We expect the robust economics of the business to translate into a long-run distribution growth rate of five to six percent annually. Management could boost this figure further through additional acquisitions (once the company has digested its gigantic purchase of ITC Holdings) and by increasing its payout ratio.
Source: “Fortis Inc. (FTS),” Yahoo! Finance, last accessed November 23, 2018.
And there has never been a better time to scoop up FTS stock. Thanks to the plunging value of the Canadian dollar, shares of businesses in the “Great White North” have gotten hammered. At our entry price of $34.21, Fortis pays an upfront yield of 3.8%.
Add our growth forecast of five to six percent, and shares should provide a total return near 10% per year. That more than meets my hurdle rate for such a strong company.
With its dividend history pristine, I see three big risks for Fortis: regulatory uncertainty, new acquisitions, and higher interest rates. While Fortis enjoys a monopoly position in most of the markets it serves, the company doesn’t have the freedom to set whatever price it likes. Regulators typically allow utilities to charge customer rates that allow them to earn a fair rate of return. In this role, government agencies try to set a rate that minimizes the cost to consumers while also high enough to encourage ongoing investment from capital providers.
Historically, Fortis has maintained cordial relations with regulators, as evidenced by their respectable return on capital employed. A more consumer-friendly body, however, could upset that balance and drive down profits in areas where Fortis operates. This presents an especially big risk in less politically stable areas like the Caribbean.
The other two risks look more mundane. Fortis’s drive to grow through acquisitions raises the risk that it will overpay for new businesses. Management must also be mindful of the strategic benefits for any new purchases. Personally, I would like to see the company use its internal cash flows to raise its payout ratio, pay down debt, and fund a long list of internal projects rather than make more acquisitions.

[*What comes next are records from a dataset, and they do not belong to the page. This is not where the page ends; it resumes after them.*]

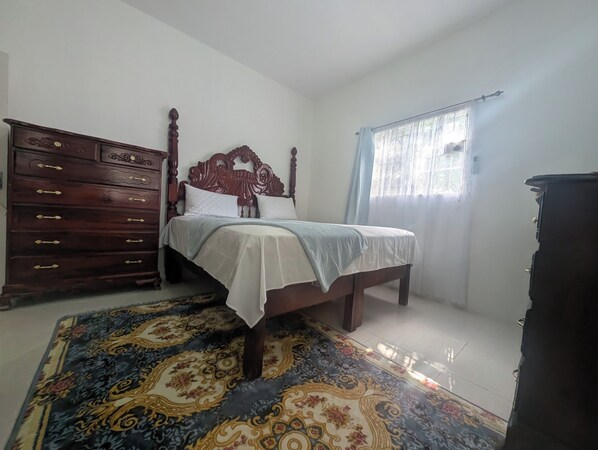 3 chambres, fer et planche à repasser, Wi-Fi, literie fournie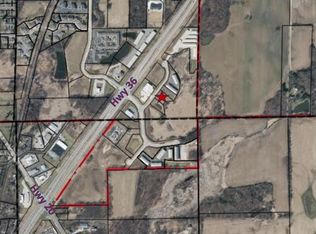 583 Gravity Ct, Waterford, WI 53185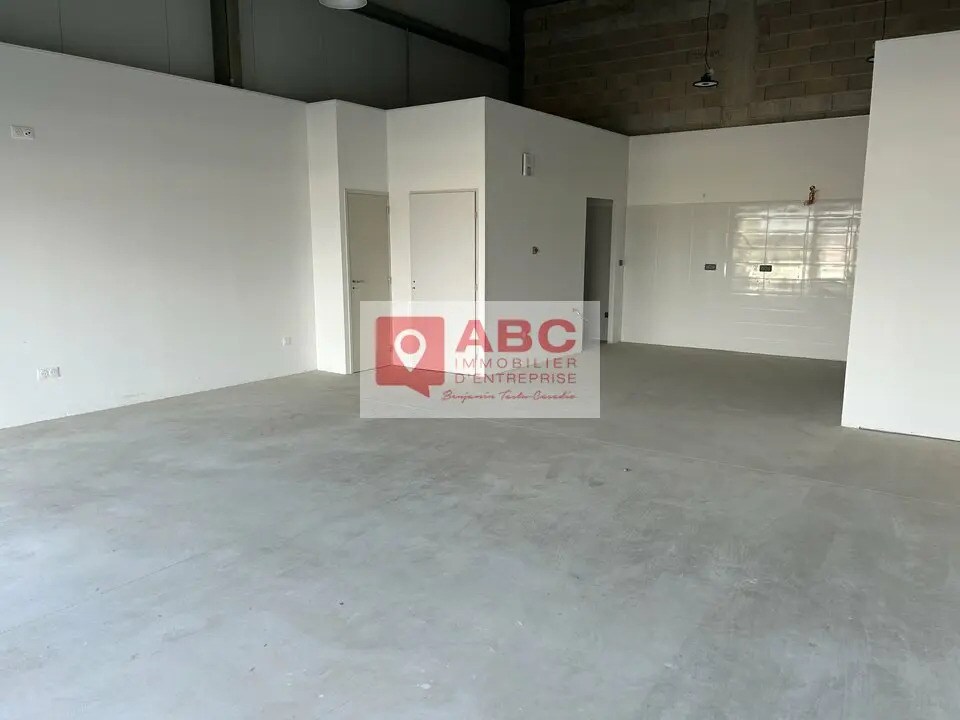 Location Commerce 77 m² - Photo 1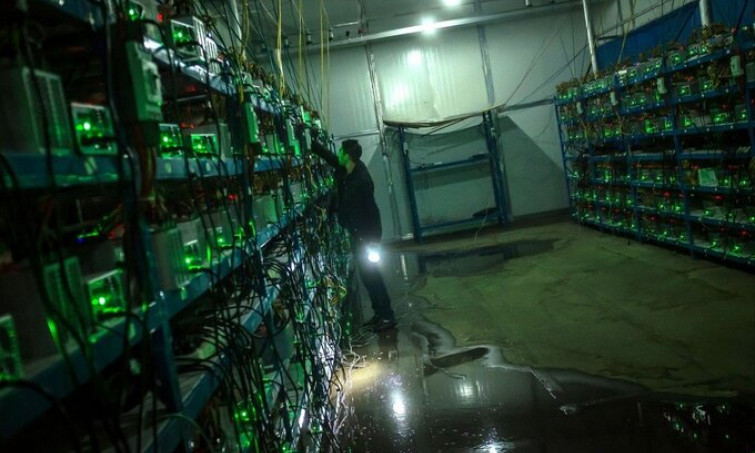 Trung Quốc truy quét 'mỏ' Bitcoin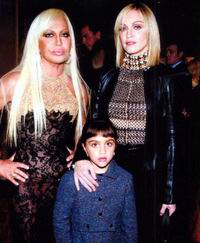 Новости Ритейла - Мадонна - снова лицо Versace? 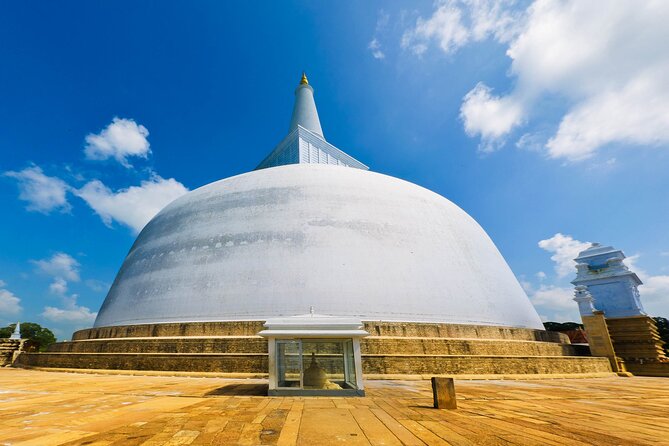 2 Days Tour Dambulla Sigiriya Wilpattu Anuradhapura From Colombo - Transportation & Guide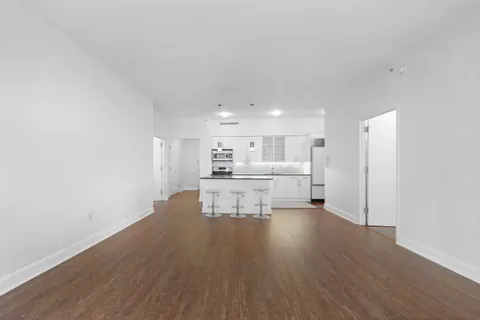 $9,000 | 212 East 57th | Midtown East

Granted, CEO Barry Perry has done a good job at allocating capital to new purchases. Higher interest rates present a bigger risk. Because the company’s dividends resemble bond coupons, Fortis shares compete directly with fixed-income securities for capital. If rates rise, traders will likely dump their Fortis stock for safer returns elsewhere. Still, I would view any selloff from higher rates has a chance to build an even bigger position. And over the long-haul, loyal shareholders should still do quite well.
The Bottom Line on FTS Stock
Fortis Inc is a sleepy utility from Canada that’s run by a conservative management team with a commitment to rewarding shareholders. With a 3.8% (and growing) dividend yield, a monopoly position, and fast-growing rate base, I suspect shareholders of FTS stock will do quite well over the long run. Because, as I always say, “When you’re the only one, you’re number one.”